The development of DRL for traffic management and control requires accurate and large-scale traffic simulators as training and testing environments. Table 1 presents a summary of traffic simulators for DRL tasks. Most simulators leverage car-following models and lane-change models in a microscopic level. However, due to the computational cost of microscopic model, it is difficult to operate a very large-scale scenario based on these simulators. Mesoscopic and Macroscopic traffic models were developed in the transportation community to improve the simulation efficiency. Mesoscopic simulation models the the congestion dynamics on links. However, the gridlock effect, a special case of traffic congestion that vehicles are blocked in a circle queue, are prone to happen under large-scale scenarios due to the inproper settings of link attributes; macroscopic models prevent the vehicle gridlock, but it sacrifices the simulation precision. Therefore, a model that incorporates advantages of both mesoscopic models and macroscopic models would be the optimal one to fulfill the very large-scale traffic simulation.

Simulator Purpose Scale
CarRacing (Gym) [3] Autonomous driving links and nodes
Highway-env [9] Autonomous driving links and nodes
Flow [14] Autonomous driving links and nodes
SMARTS [17] Autonomous driving links and nodes
BARK [1] Behavior modeling links and nodes
CityFlow [16] Signal control 2,510 nodes and 25,156 vehicles [4]
This paper Multi-purpose 27,000 nodes, 80,000 links, 2.2 million vehicles
Table 1: A review of different traffic simulators for reinforcement tasks.

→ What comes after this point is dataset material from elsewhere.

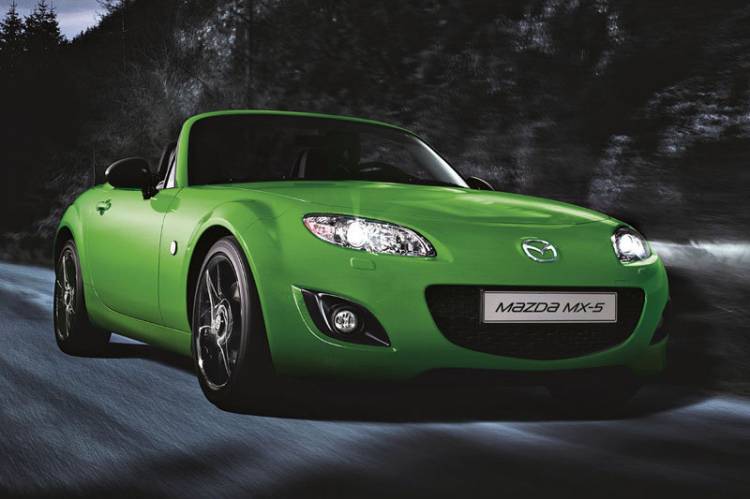 Mazda MX-5 Karai Mazda MX-5 Karai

In this paper, we propose a meso-macro level traffic simulator for city-wide control and management, and we integrate the regional and link-based vehicle dynamic models as the backbone models. To our best knowledge, this is the first traffic simulator designed for very large-scale reinforcement learning testbeds. We adopted the traffic scenario from Turin, Italy [10] as the benchmark for evaluation, which contains about 27,000 nodes and 80,000 links with 2.2 million vehicles in a day. The developed simulator only takes about 46 seconds to finish 24-hour simulation on a single thread program. To visualize the simulation result, we provide both vehicle trajectories and link volumes using JavaScript and Python. The developed meso-macro traffic simulation could serve as a new environment for very large-scale DRL problems.

2 Proposed Work

2.1 Design and Structure

The meso-macro traffic simulator models link dynamics and vehicle behaviors at each time step, providing fruitful information that can be used for DRL tasks. The framework of our simulator is shown in Figure 1, which consists of three major components: traffic assignment, simulation, and simulation outputs.

Figure 1: The structure of proposed simulator.
  • The Traffic Assignment module aims to assign a path for each vehicle based on road network data and time-of-day Origin-Destination (OD) pairs data.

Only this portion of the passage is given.